12. The evidence shows that on March 20, 1891, the defendant purchased for the plaintiff oxen to be used in the business, paying therefor $700, which sum should be charged to the plaintiff. The defendant’s counsel, referring to a box of papers, evidently the memoranda sent up, in which he found a number of orders drawn by Raski on Wise for the payment of money, taking three of them as examples, offered them in evidence, for $11.50, $13.30, and $16.50, respectively, and aggregating $41.30, which sum should be charged to the plaintiff. With but few exceptions, the orders referred to were the only items in this mass of bills, etc., that were identified in any manner by the defendant, but as he was in possession of such orders their payment will be presumed. Section 788, subd. 13, B. & C. Comp. Some of the orders do not state the amount of money for which they were issued, some are not addressed to Wise and others are not signed by Raski, omitting which, we find that the orders properly drawn and in the defendant’s possession aggregate $705.70, which sum should be charged to the plaintiff.
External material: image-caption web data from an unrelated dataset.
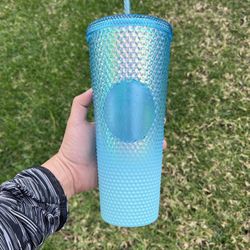 Starbcks Cup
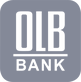 OLB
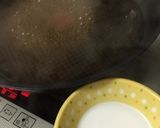 甘酢あん〜肉系に〜♡(o˘◡˘o)♡作り方8写真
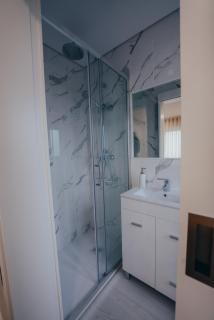 Cabanelas Country House - Casa do Luís - 2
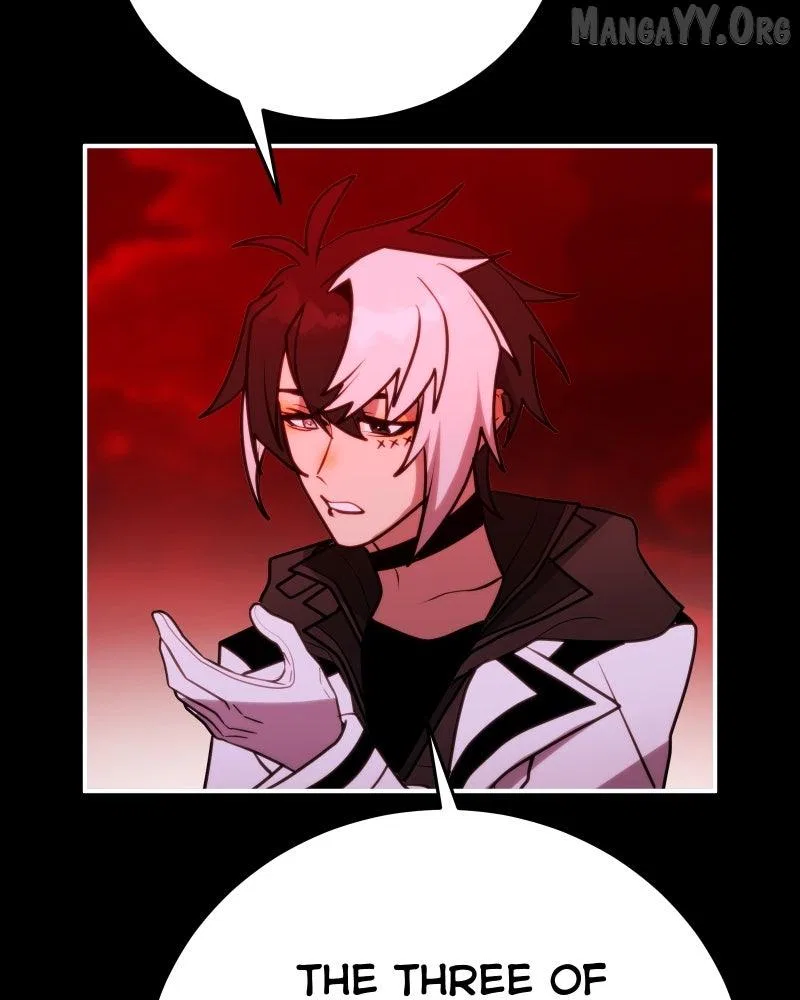 Cloud Walker Chapter 146 – Page 64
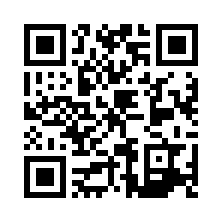QR Code for 1PGv8cRynbin7FUYcSq7CUyNEuMrsqqJhM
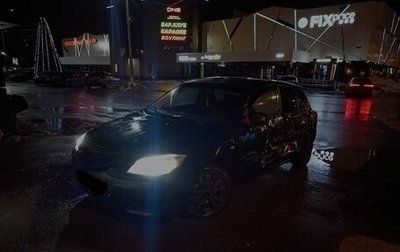 Mazda 3, 2005 год, 225 000 рублей, 1 фотография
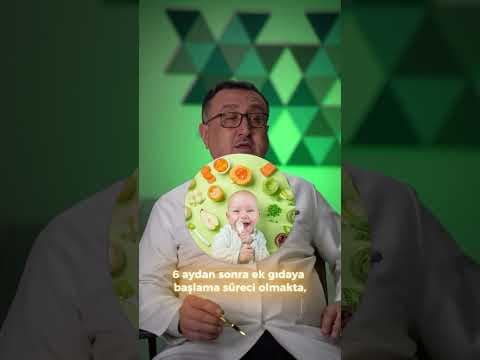 Bebek ve Çocukların Uyku Düzeni Nasıl Sağlanır?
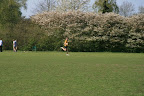 (25-04-10) Noordelijke 7's in Emmen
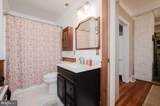2410 Watervale Road - Photo 41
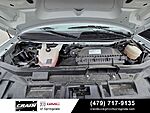 Used 2024 GMC SAVANA WORK VAN in SPRINGDALE, ARKANSAS (Photo 30)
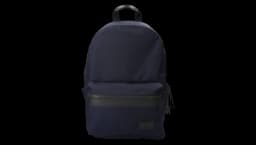 Blade 2140 - Blue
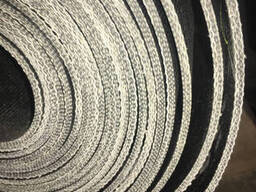 Стрічка норійна конвеєрна БКНЛ-65 (ТС-70) 500х4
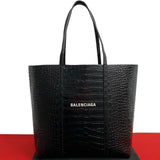 Zelvoran elegant leather Luxury Bag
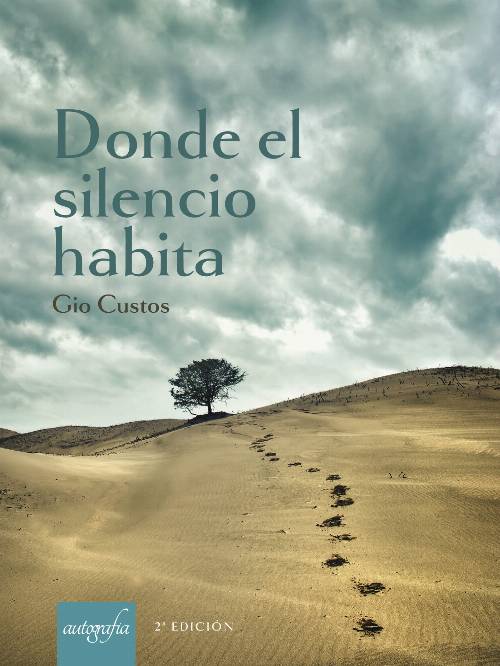 Donde el silencio habita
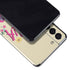 Disney Encanto Familia Galaxy S21 Plus 5G Skin
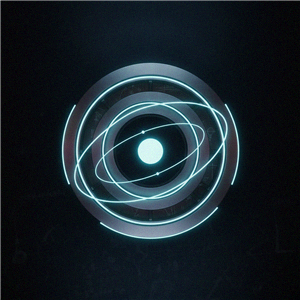 Atombet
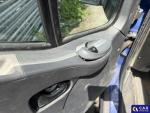 Iveco Daily 40C12 Aukcja 314048 - grafika 66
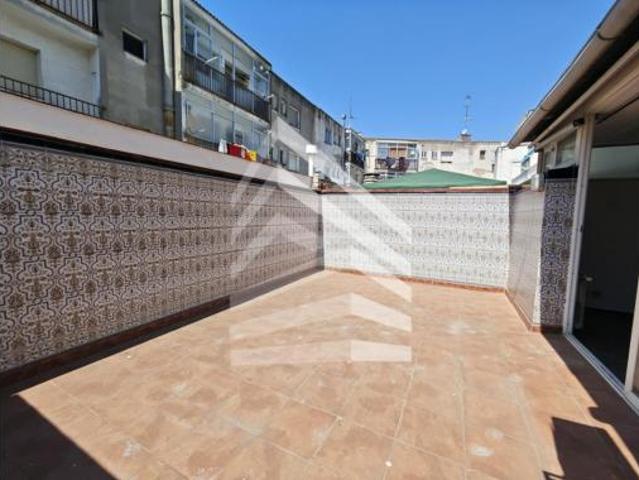 Casa adosada Venta Lleida Capital, La Bordeta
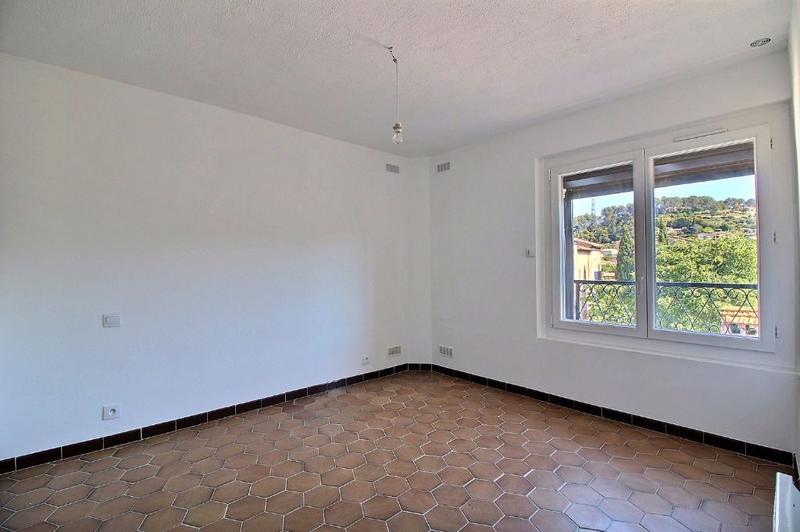 Appartement - 60 m²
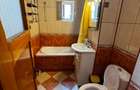 Ap 2 camere conf 1 dec, etaj 2/4, Cantacuzino  - 6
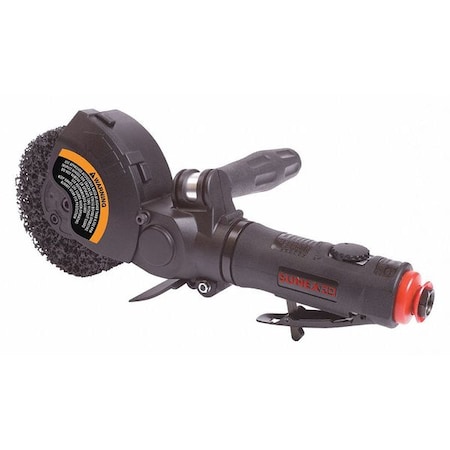 Sunex Tools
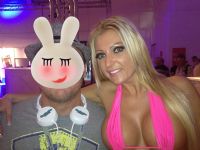 ������Ů�����Ӱ��dolly-pink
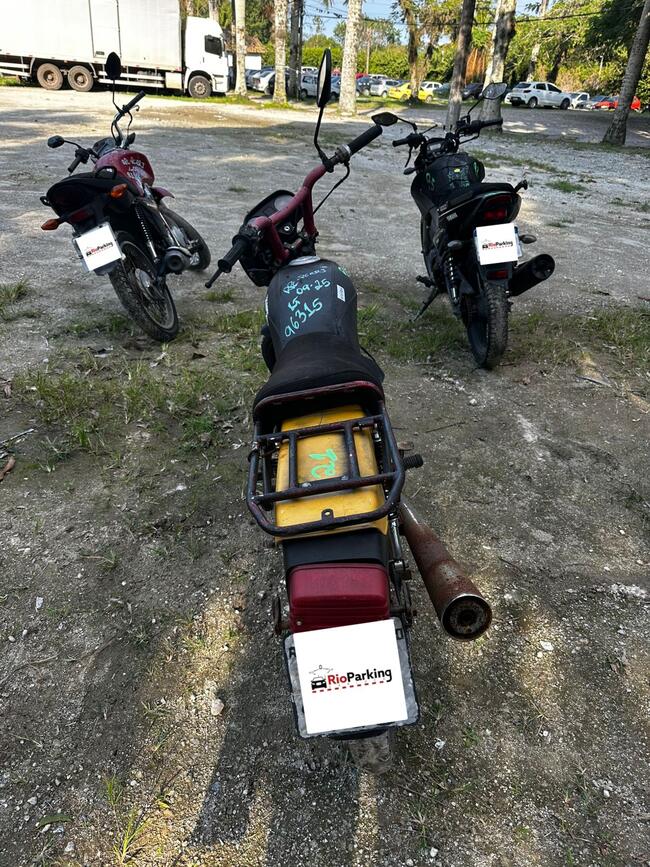 Foto Site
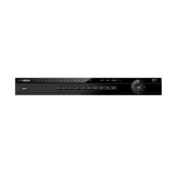 Đầu ghi hình 32 Kênh Kbvision Kx-Dai8232H3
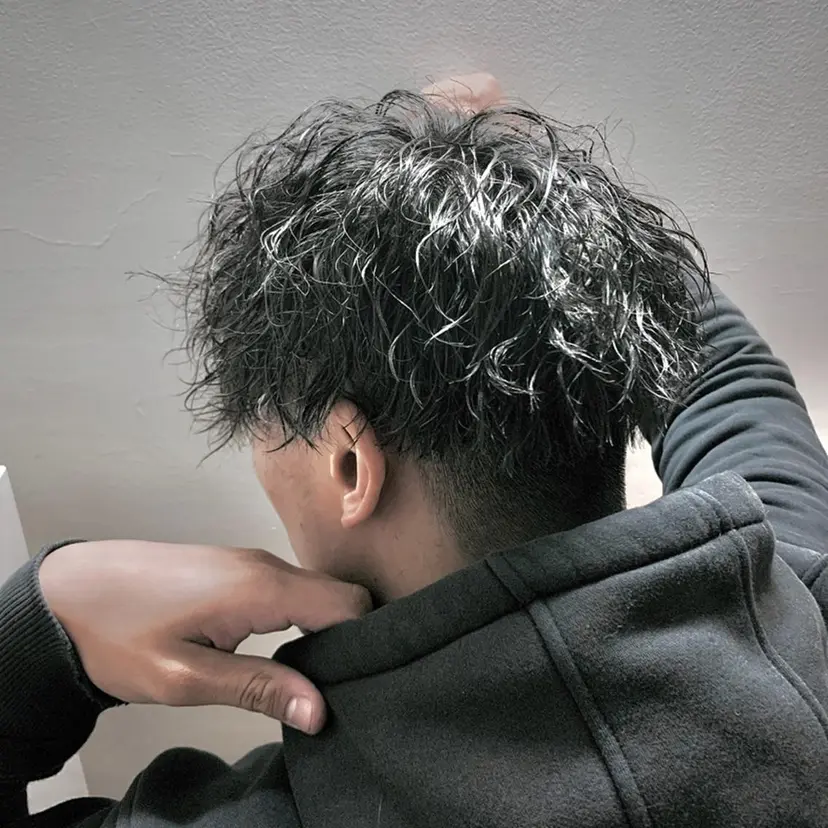 マツオ リュウホウ🐉の掲載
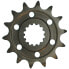 Фото #1 товара SUPERSPROX Ducati 520x14 CST4054520X14 Front Sprocket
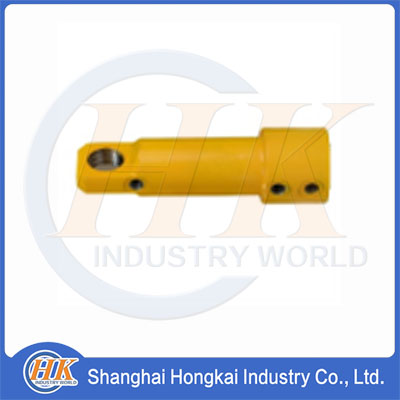 054223008 Cylinder Tube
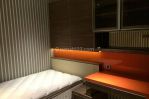 thumbnail-2-br-intercon-kemang-village-95-m2-4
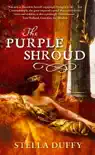 The Purple Shroud sinopsis y comentarios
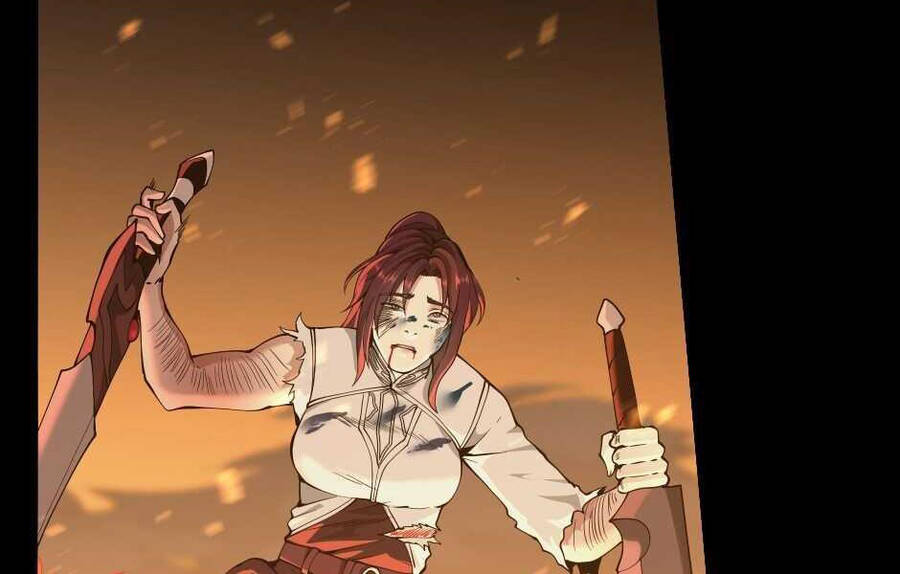 Ánh Sáng Cuối Con Đường Chapter 140 - Trang 2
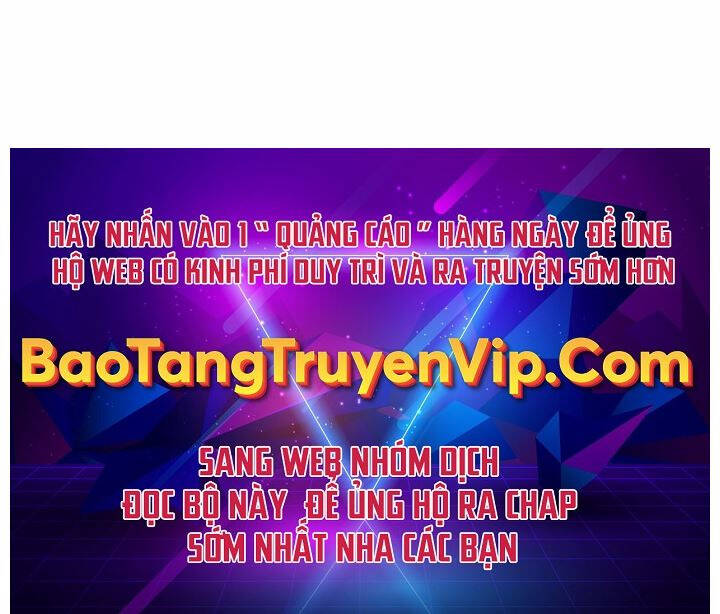 Biên Niên Sử Của Thiên Quỷ Chapter 221 - 72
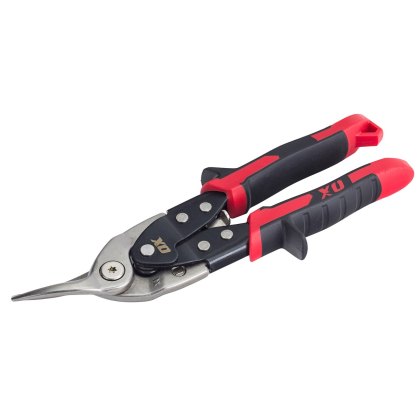 Snips & Nippers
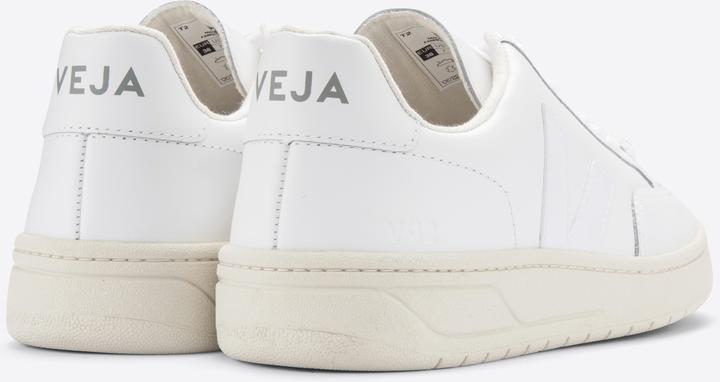 Produktbild Veja V-12 (41)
13. Entries of what purport to be items of account between the parties, commencing August 27, 1884, are set *86forth in the defendant’s ledger, Exhibit J, from which it appears that after deducting the payments made by the plaintiff he is indebted to the defendant in the sum of $155.97. The memoranda thus noted is not verified by any daybook offered in evidence, nor was any testimony given tending to show that the entries thus referred to were made at or near the times respectively stated, so as to make the volume a book of original entry. The indebtedness last mentioned will therefore be disallowed. These same items appear again at page 247 of the same ledger, not in consecutive order as noted at page 134 thereof, but as set forth in Liebman’s statements of the account, though at the prior page of the volume, after what purports to be a sum of indebtedness against Raski, aggregating $65.33, appears the word “Pad,” probably evidencing a settlement, but no mention is made of any adjustment -of the accounts at the latter page.
The repetition of the items of the former account conclusively demonstrates that the entries thus made in the ledgers by the defendant were copied from Liebman’s statement of the account. The matters thus referred to evidently escaped the attention of the court and counsel who, without any definite proof on the subject, assumed that the entries set forth in the ledgers were duly made. As the trust relation assumed by the defendant imposed on him the duty to keep accurate account, he will be responsible for the items of credit to which he admits Raski is entitled, aggregating $8,236.43, and the money received from the sale of the timber claim, $2,000.
The items of plaintiff’s indebtedness hereinbefore mentioned aggregate $9,835.52, and the sum of the credits acknowledged is $11,435.44, thus apparently leaving due the plaintiff $1,599.92. If all the evidence submitted had been legal, the balance of the account would have been in favor of Wise, and for that reason no decree for any part of that sum will be rendered against him, but, as Raski *87has made the better showing, he, without any further payment or accounting, is entitled to a reconveyance of the homestead, the value of which, as admitted by the defendant, does not exceed $700.
The decree will be modified in accordance with the view here expressed, the plaintiff to recover his costs and disbursements in this court. Modified.
Mr. Justice McBride, having originally tried this cause took no part in the consideration thereof in this court.